#### Task goal:
Everything in the records below from the line containing "ظاهرة غريبة فى" through the line containing "BSG 30922086 Çeki Demir Kapağı Arka" is to be reproduced exactly, those two lines included; no picture is to be copied.

#### Available data:
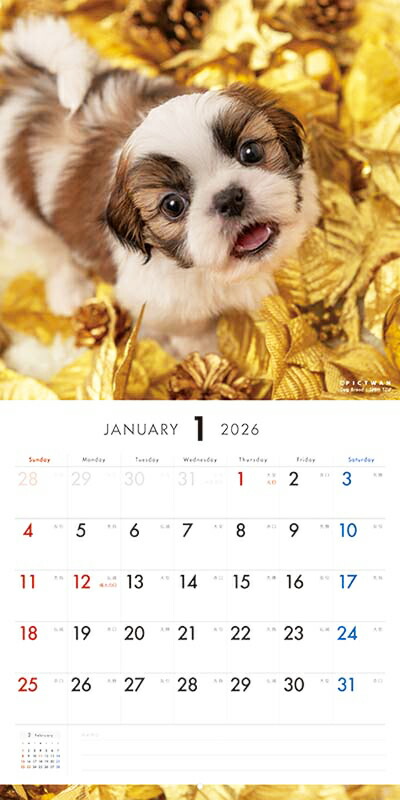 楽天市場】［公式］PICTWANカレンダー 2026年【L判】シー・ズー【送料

--

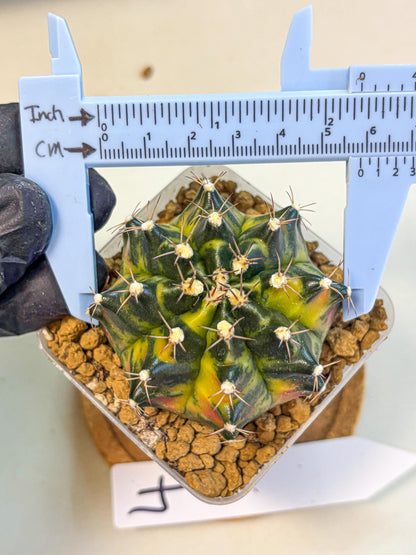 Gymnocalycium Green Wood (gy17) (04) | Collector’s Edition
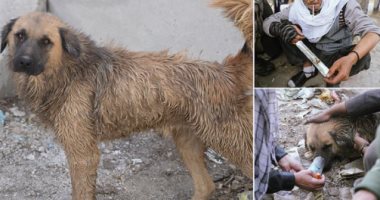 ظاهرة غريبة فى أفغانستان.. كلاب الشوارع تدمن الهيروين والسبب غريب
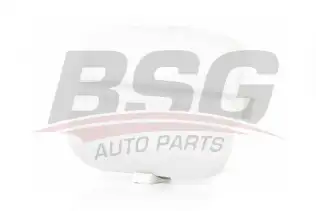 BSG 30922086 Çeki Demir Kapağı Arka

#### Answer for the task:
 ظاهرة غريبة فى أفغانستان.. كلاب الشوارع تدمن الهيروين والسبب غريب
 BSG 30922086 Çeki Demir Kapağı Arka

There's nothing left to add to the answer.